Another part of the answer, raised directly in committee, is policy choice. Lawmakers and staff have treated fee levels as a lever that can affect the legal market. If Vermont pushed fees high enough to cover every dollar of regulatory cost, it could raise barriers to entry, increase costs for licensees, and potentially strengthen the illegal market by making legal participation less attractive. That is why the committee record includes explicit acknowledgement that fees alone were not expected to cover the program.
The result is a regulator that can be “paid for” in an economic sense — because cannabis taxes exceed operating costs — while still being funded through a General Fund appropriation as a matter of budgeting.

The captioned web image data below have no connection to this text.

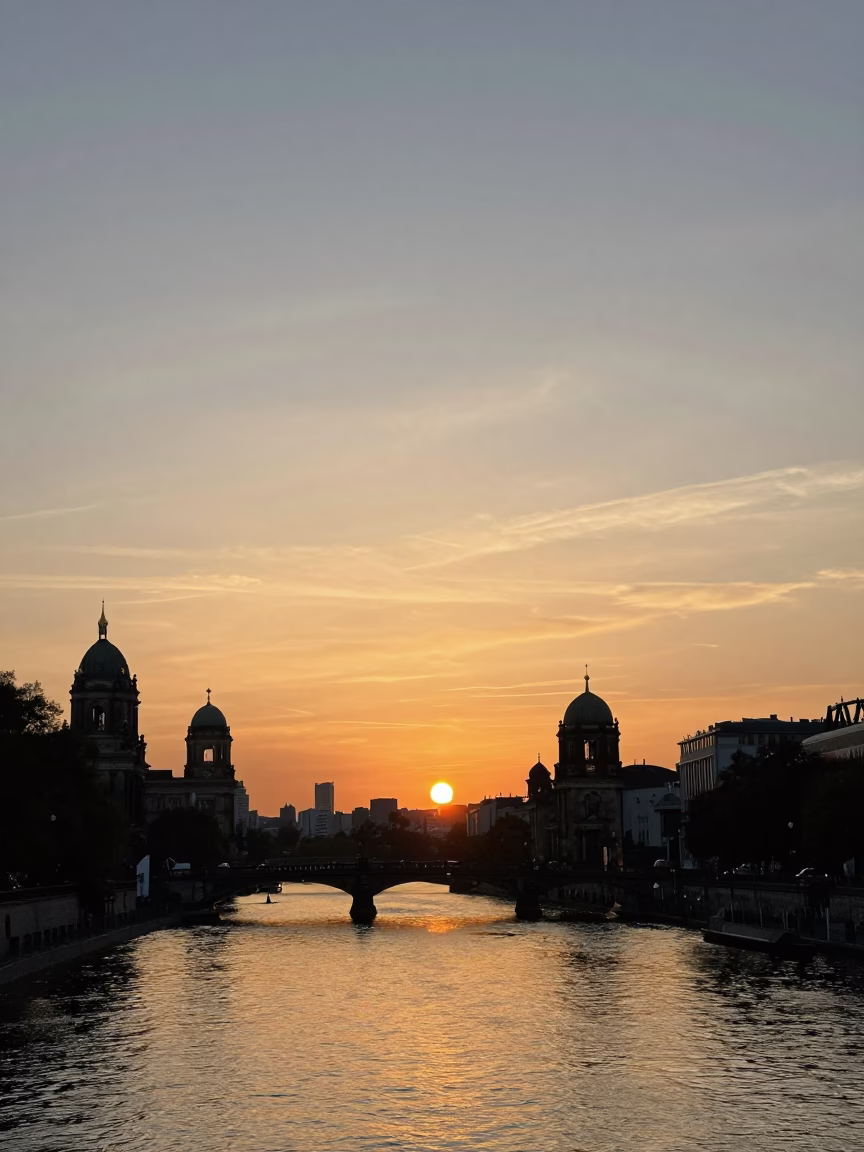 Golden Hour Sunset Over Berlin Skyline and Spree River with Urban Architecture in in Berlin, Germany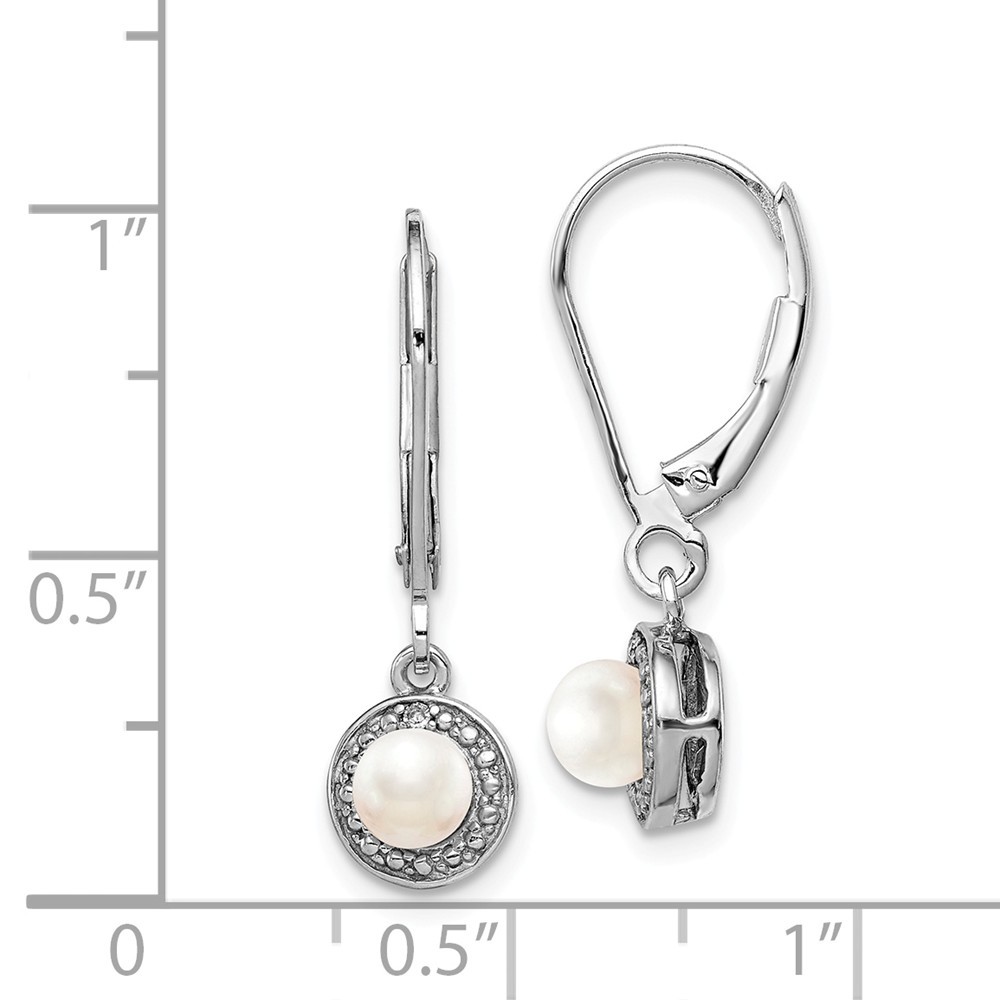 Jewelryweb Sterling Silver Diamond and Freshwater Cultured Pearl Earrings - Measures 26x7mm Wide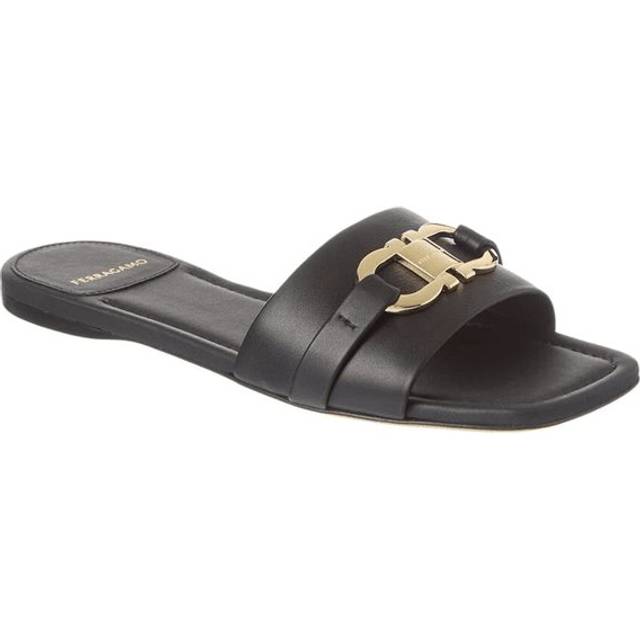 Ferragamo Women Flat slide with Gancini ornament Black Size 7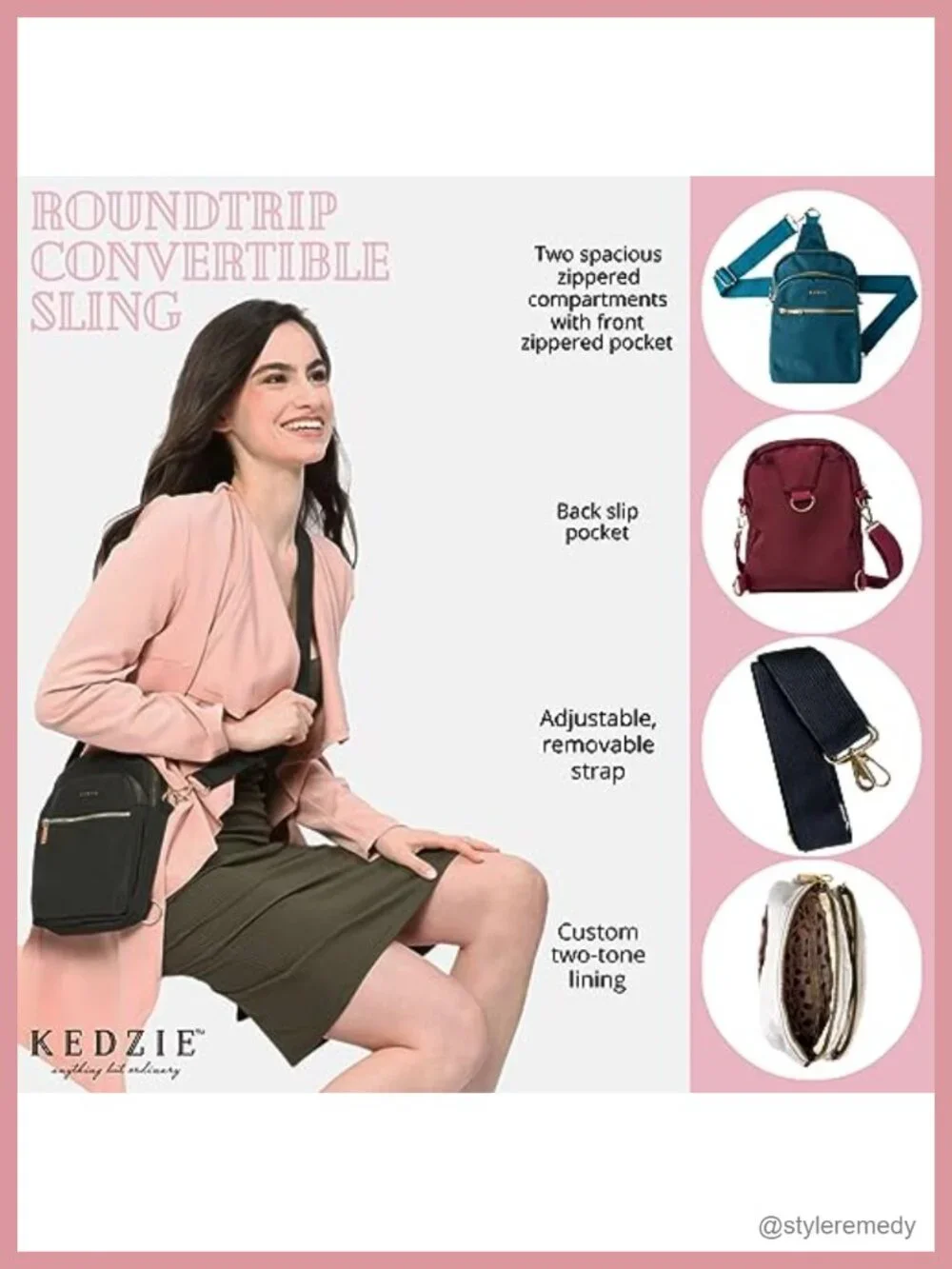 Women's Convertible Sling Crossbody Bag Polyester W- Adjustable Strap Travel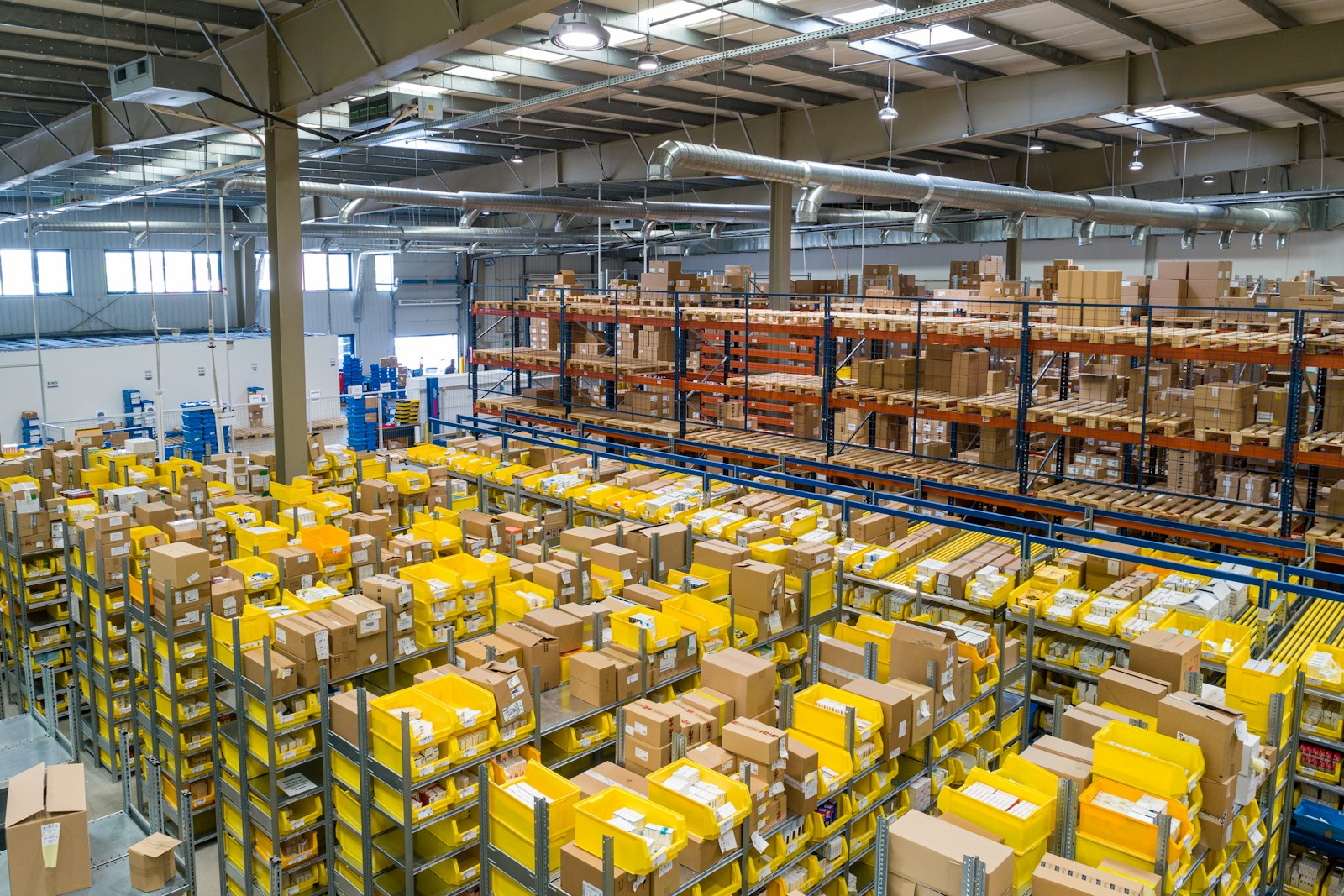Warehouse aisle with cartons ready for outbound logistics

The long-term benefit question
The Cannabis Control Board’s request includes standard personnel costs and benefits. Budget rollups list roughly $4.7 million in Personal Services and about $1.69 million in Fringe Benefits, which is where the state accounts for employer contributions tied to payroll, including retirement and retiree-health obligations.
That matters because Vermont’s retiree health system remains significantly underfunded statewide. The Vermont State Employees’ Retirement System’s other post-employment benefits plan has been reported with a funded ratio in the mid-teens as of mid-2025. That underfunding is not unique to cannabis; it is a statewide issue that applies across state government.
However, the structural question for cannabis is different from the short-term cash question. The short-term question — whether cannabis revenue is large enough to cover regulatory costs — currently appears to be yes. The long-term question is whether Vermont intends cannabis regulation to be permanently self-sustaining, including over decades of benefit obligations, or whether the program may eventually lean on broader state finances if revenue falls, costs rise, or benefit pressures increase.
With 28 positions, the Cannabis Control Board is small relative to Vermont’s full workforce. But the policy debate is not about the size of the board in isolation. It is about whether the Legislature wants cannabis regulation to stand entirely on cannabis-derived revenue, or to function like other permanent state agencies funded through the General Fund and the broader payroll-benefit framework.
A choice lawmakers have not made explicit
At present revenue levels, the program’s math is favorable. But Vermont has not enacted a statutory “no-subsidy” firewall guaranteeing that the General Fund (and taxpayer dollars) will never support cannabis regulation — now or in the future — if conditions change.
As the FY2027 budget process advances, lawmakers face a clear choice: keep cannabis regulation inside the standard budgeting model, accepting that it could at some point require broader taxpayer support, or adopt a policy requiring cannabis revenue to cover the full lifecycle costs of the program, with automatic adjustments if revenue declines.
Either way, the question is not whether cannabis revenue exists. It is whether Vermont intends to lock in a permanent rule for who pays if the numbers change.